Over the last few months, though, things began looking up. Crypto investors became more and more convinced that the SEC would approve a years-long effort from fund companies to bring a spot bitcoin exchange-traded fund to market, a move crypto boosters expected to stoke demand for the popular coin.
By the time news broke on Jan. 10 that 11 new bitcoin ETFs would begin trading, crypto investors were taking a victory lap, having bid the coin’s price up by 155% in calendar year 2023.
So, what now? Are we off to another crypto bull market, or have bitcoin enthusiasts gotten ahead of themselves?
“This is definitely an inflection point,” says Brian Vendig, president of MJP Wealth Advisors in Westport, Connecticut.
Here’s what he and other experts say to expect from here.
The new wave of bitcoin ETFs makes it easier than ever for investors in more traditional assets, such as stocks and bonds, to dip their toes into crypto.

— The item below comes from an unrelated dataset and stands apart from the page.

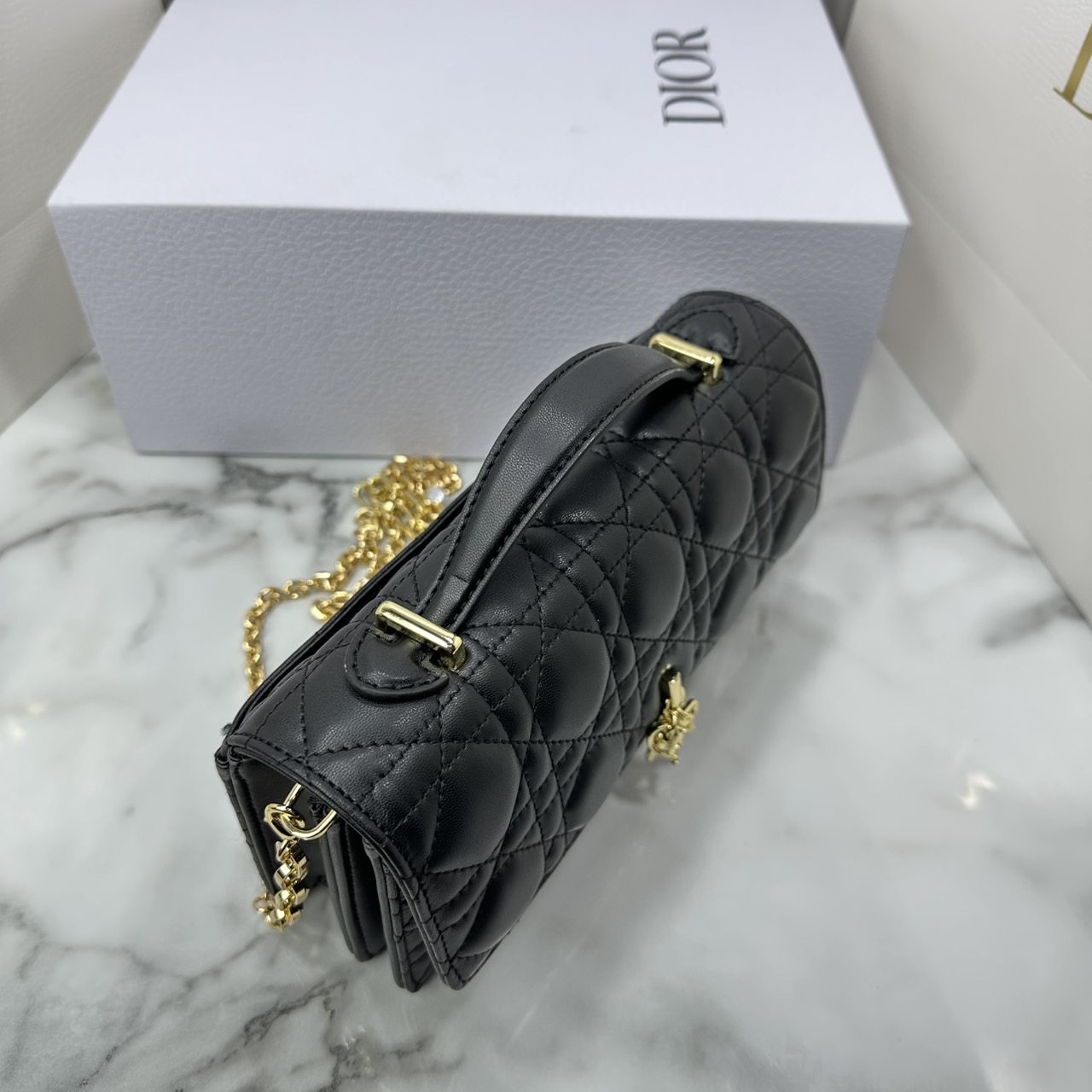 ORI หนังแท้ | My Dior Mini Bag / Dior Clutch Bag กระเป๋าสะพายทรงคลัชทันสมัย หรูหราสง่างาม จะถือหรือสะพายก็ดูดีมีระดับ กระเป๋าที่ใช้งานได้จริงใบนี้ใส่ของจำเป็นได้ครบถ้วน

Instead of having to open a separate account to buy crypto — often with high trading fees — investors in the ETFs can hold bitcoin right alongside their other investments in their brokerage accounts.
That’s just the beginning, says Matthew Sigel, head of digital assets research at VanEck, an investment firm that offers one of the 11 new funds.
“We think it was a huge step forward that will unlock significant demand, given the cost savings for the retail buyer and security available to institutional purchasers,” he says.
The new ETFs will soon allow advisors who deal with high net worth clients and big money institutions to start incorporating crypto into their portfolios, he adds.
“They don’t have the ability to put these bitcoin ETFs into client discretionary portfolios, yet,” Sigel says. “But we can observe several banks and brokers already preparing these models, which we expect to emerge later this year.”
Expect more new crypto ETFs, too — and in different flavors.
“It seems inevitable that we’ll have ETFs tied to ether, as a secondary cryptocurrency for people to invest in,” says Todd Rosenbluth, head of research at VettaFI. In the meantime, he says, “the door is now open for a range of ETFs that include bitcoin as well as other assets.”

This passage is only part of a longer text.